With all of that said, here are some of the things I’m considering, in terms of inputs:
- Temperature sensors for both the “exterior” and “interior” of the mocked up wall, for each insulation material.
- Humidity sensors for both sides
- Air pressure sensors for both sides (to record air transfer through the wall, again, is how most heat is transferred)
- Weight/scale for the cooler, so you can record (like a gas gauge) how much dry ice is left. You zero out the scale with the empty cooler, then put your dry ice in, and voila – you got yourself a way to tell how much is left.

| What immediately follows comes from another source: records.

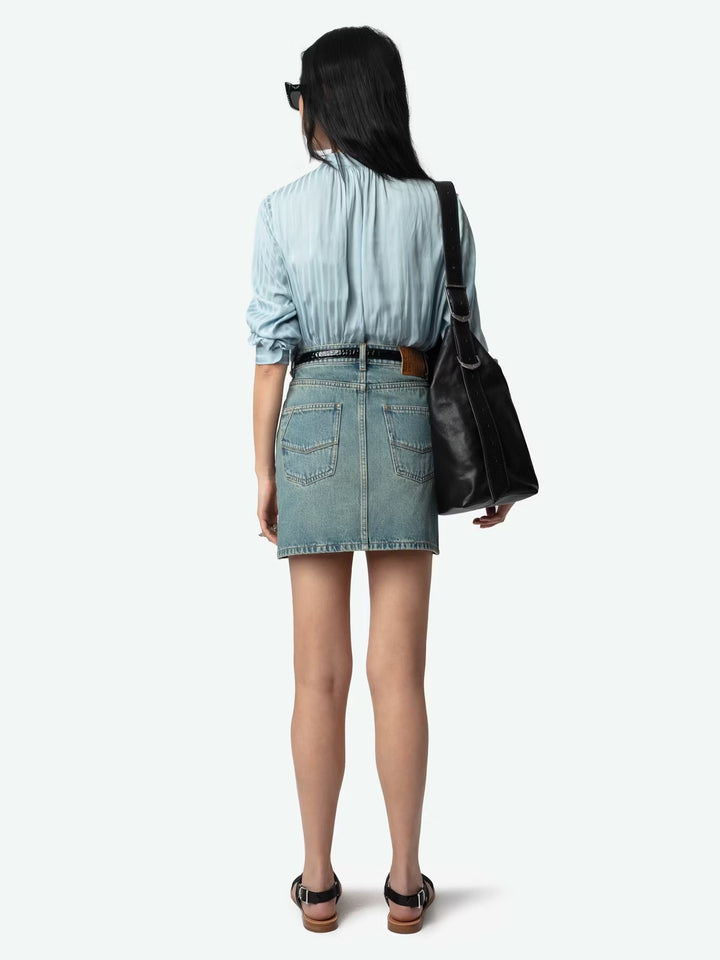 Blusa Tink Celeste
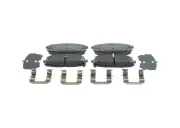 Bremsbelagsatz, Scheibenbremse Vorderachse BOSCH 0 986 460 168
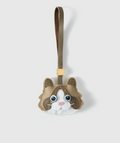 Felice Leather Bag Charm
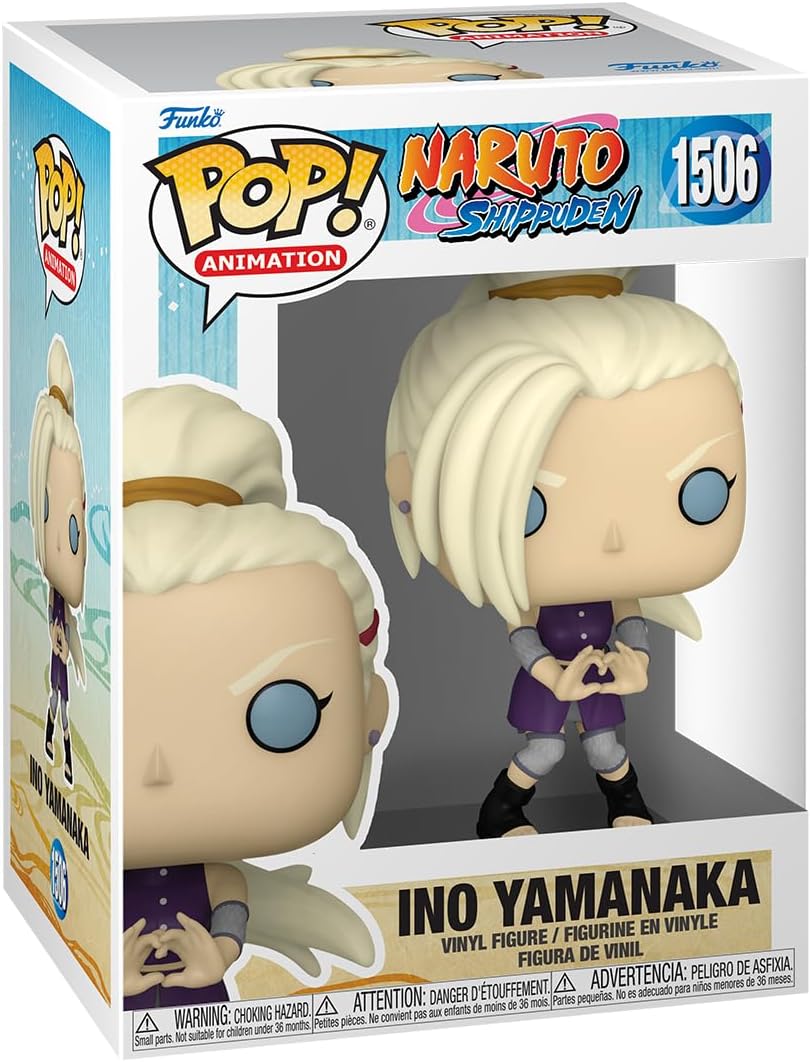 Funko Pop! Animation: Naruto Shippuden - Ino Yamanaka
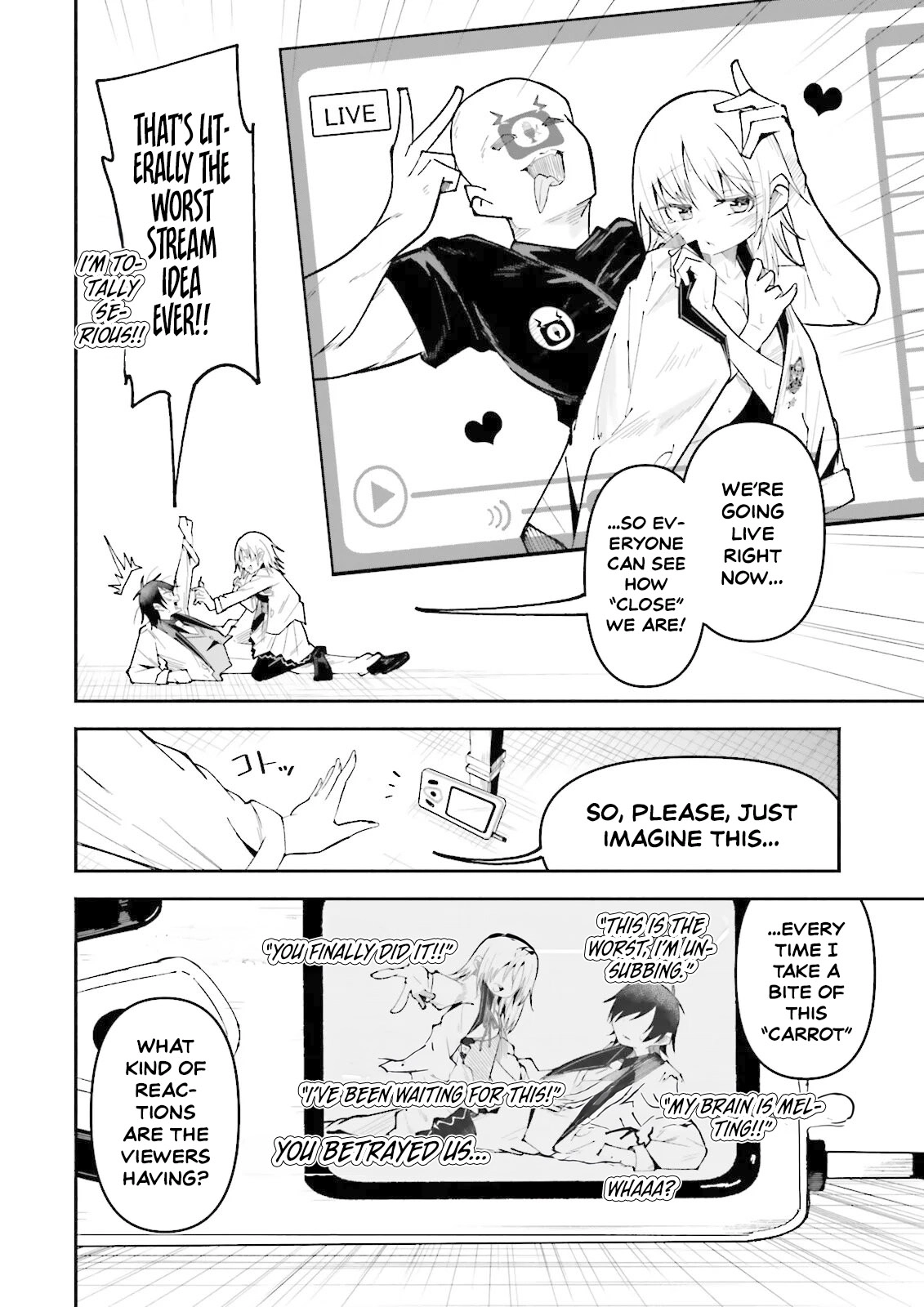 Isekai De Haishin Katsudou Wo Shitara Tairyou No Yandere Shinja Wo Umidashite Shimatta Ken Chapter 62.2 - page 5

- Relays to control fan and heat control
- I was even brainstorming on what the user interface might look like on this. Imagine this big box with a Plexiglas window, that has this mocked up mini-wall with different insulation that you can see. But behind the scenes, you have these heat and cold sources, along with sensors everywhere… So imagine you have a flat-panel touch screen, running a WPF application (that supports Touch). You could “switch seasons” – go from simulated winter (where you want to keep the heat in), to simulated summer (where you want to keep the cold in). Presumably, “pressing” a button could turn on the heater, turn on the fan, etc – until the “outside” temperature reaches 90 degrees for example. If you have programmatic control over powering the heat and cold, AND recording real-time information about how hot or cold it’s making things, then I should be able to let the admin set and maintain a temperature. For example, you might say “I want to simulate winter with 15 degree temperatures”, and via the sensors – this program could turn on/off the cooling fan until that temperature is maintained.
So that’s roughly what I plan on prototyping. Once I get that starter kit in, I will see how easy it is to use, and see if I can start fulfilling some of these functional requirements. Once I have that hammered out, I will work with Brother to see if we can mock up some of the components.
This will be my first real engineering project. That is, where I think I’m going to build each system, do unit testing – then put components together to see if they work together – integration testing, and then ultimately evolve to a full-blown prototype, a systems tests. I mean, I’ve done that with software, but I’ve never done this with physical components before!
I don’t plan to dig into this full-time until school is over (about a month from now), but I’ll be dabbling in the meantime. The shear workload from this semester is insane, and as you can tell from my blog posts (or lack thereof), I haven’t had much time other things. However, once this semester is done, this seems like a really fun, really interesting project to work on. I’ve never done anything quite like this before. So hopefully, you’ll see some interesting blog posts about this, as the project evolves.